Observa-se que, no contexto geral, o juiz da Lava-Jato se houve, nesse episódio, com muito mais acerto do que deslizes, demonstrando que a punição ao petista pode ter sido no tamanho ou próximo da pena por ele merecida, à vista da efetiva prática de atos contrários aos princípios republicanos que os homens públicos precisam observar com absoluta fidelidade, como acontece nos países sérios, civilizados e evoluídos política e democraticamente.

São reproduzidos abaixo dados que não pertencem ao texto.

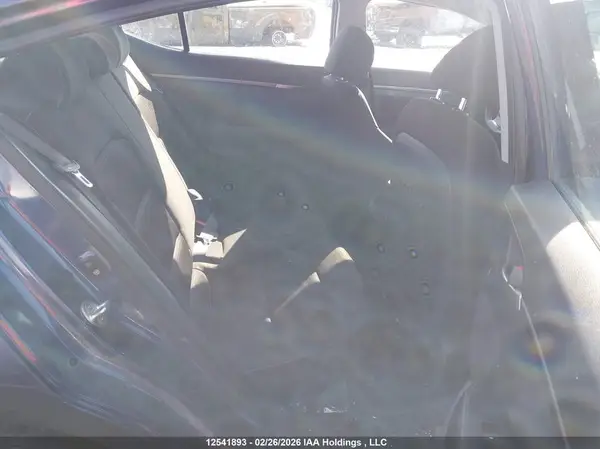 KMHD84LF4JU468014 2018 HYUNDAI ELANTRA - Image 8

          O que importa mesmo é que o processo teve desfecho na primeira instância e ainda precisa passar pelo crivo do Tribunal de apelação, para se confirmar ou não a condenação do ex-presidente, de modo que, sendo ela chancelada, o seu veredicto se torne paradigma para punir com severidade os agentes políticos inescrupulosos, que sempre atuaram na certeza de que jamais seriam  apanhados pela Justiça, porque o mais importante é que a punição seja aplicada indistintamente a todos homens públicos, não importando a relevância da sua autoridade no cenário nacional, de modo que os corruptos sejam devidamente enquadrados e punidos.
Em se tratando de sentença, dificilmente alguma será considerada absolutamente perfeita, sob a ótica dos princípios jurídicos, tanto assim é que existem os tribunais de apelação, exatamente para que ela possa ser revista e aprimorada, como forma de se evitar injustiça, ou seja, a possibilidade de recurso visa eventual correção sobre aspectos materiais e jurídicos, próprios da praxe jurídica.

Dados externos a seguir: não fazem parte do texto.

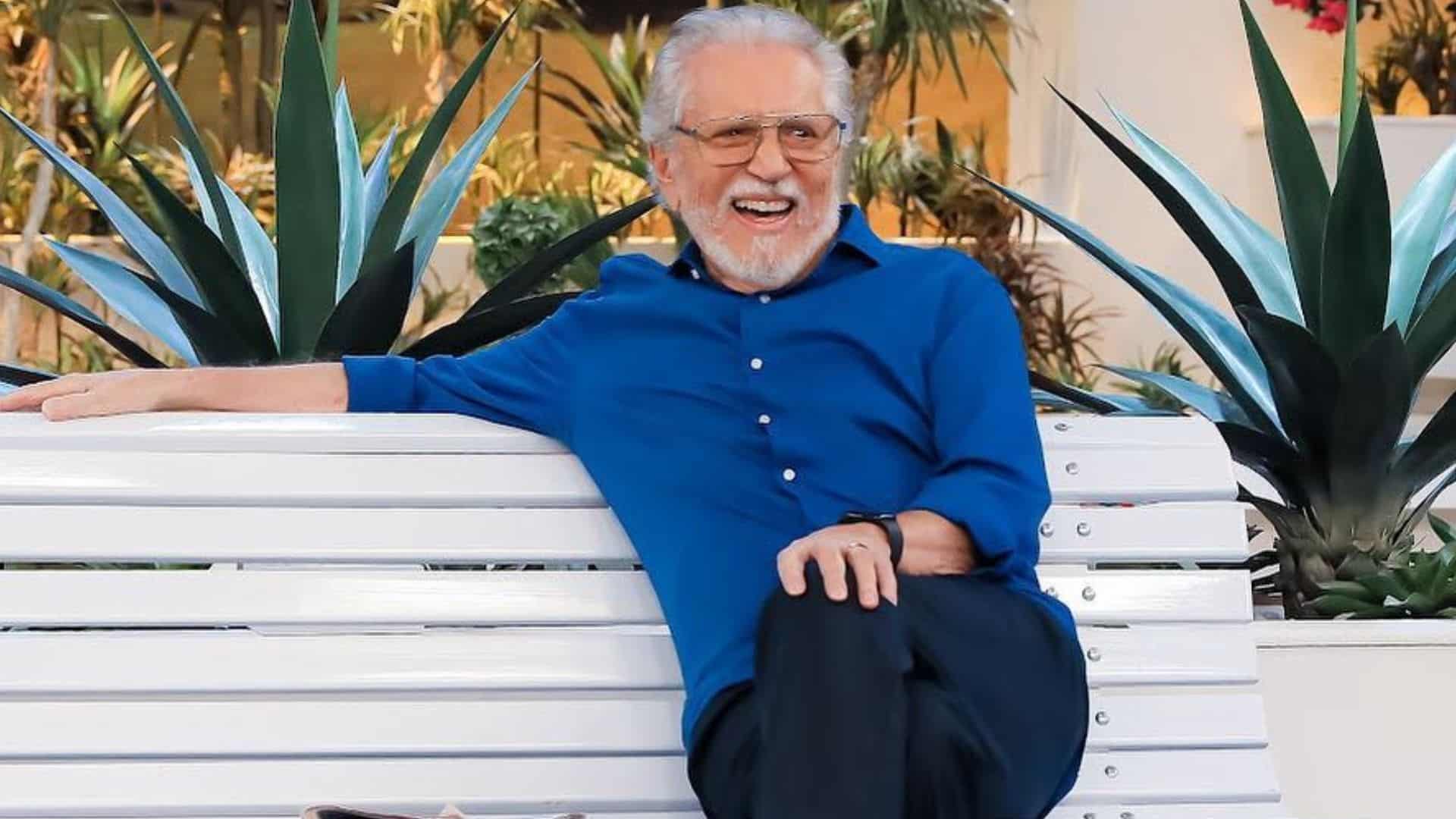 Com 70 anos de TV, Carlos Alberto de Nóbrega entrega segredo com Silvio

Ainda que a sentença condenatória do ex-presidente não seja obra-prima, no sentido eminentemente jurídica, o recurso de apelação ao TRF-4 terá o condão de aperfeiçoá-la, quer para mantê-la, modificá-la ou anulá-la, conforme a circunstância, à vista do entendimento dos desembargadores, que vão sopesar os argumentos elencados pelo magistrado de Curitiba.
É evidente que a sentença em tela não seria tão criticada se as provas sobre os crimes da corrupção e da lavagem de dinheiro tivessem deixado seus rastros, por meio de recibos, documentos, demonstrativos, planilhas, assinatura de seu autor, entre outras evidências incontestáveis, mas os elementos levantados e apontados nos autos acenam para conclusões suficientes para a materialização dos crimes neles configurados.
          Embora passível de crítica, os pontos básicos da sentença guardam o necessário respaldo jurídico com os fatos denunciados, demonstrando que o juiz da Lava-Jato se houve implacável contra a corrupção disseminada na Petrobras, causando imensurável estrago ao seu patrimônio, não se intimidando com as ameaças recebidas no desempenho de seu mister.
É notório que a prisão do ex-presidente, no momento, poderia causar não comoção nacional, mas alguma forma de transtorno, diante do seu indiscutível carisma no seio de grupos e organizações sociais, sendo prudente evitá-la.
Não há dúvida que a sentença em tela até pode ter causado polêmica, o que é normal, em se tratando do envolvimento do principal político nacional, mas notáveis juristas avaliam, na essência, que a peça acha-se muito bem fundamentada, apresenta matéria fática importante, com provas, e afasta, de forma cauteloso, os argumentos dos advogados sobre a suspeição de condução da causa, tudo a respaldar a decisão judicial, na primeira instância, conquanto os possíveis deslizes incorridos pelo magistrados não têm o condão de macular o fundamento das denúncias.
Na sentença, com mais de 200 laudas, o juiz da Lava-Jato resume as acusações sobre a prática de crimes cuja autoria é atribuída ao ex-presidente, com base nos argumentos da defesa e na análise das provas documentais (demonstrativos, documentos, fotos, imagens, e-mails e mensagens telefônicas), pericias (documentos periciados e testemunhais) e depoimentos. 
Urge que a Justiça cumpra a sua importante missão institucional de também zelar pela moralização da administração do país, ao julgar, com independência e autonomia constitucionais, as ações submetidas à sua jurisdição, tendo como alvo a defesa do interesse público, não importando a relevância dos envolvidos, uma vez que as leis do país precisam ser aplicadas e respeitadas na sua plenitude, em harmonia com a evolução da humanidade. Acorda, Brasil!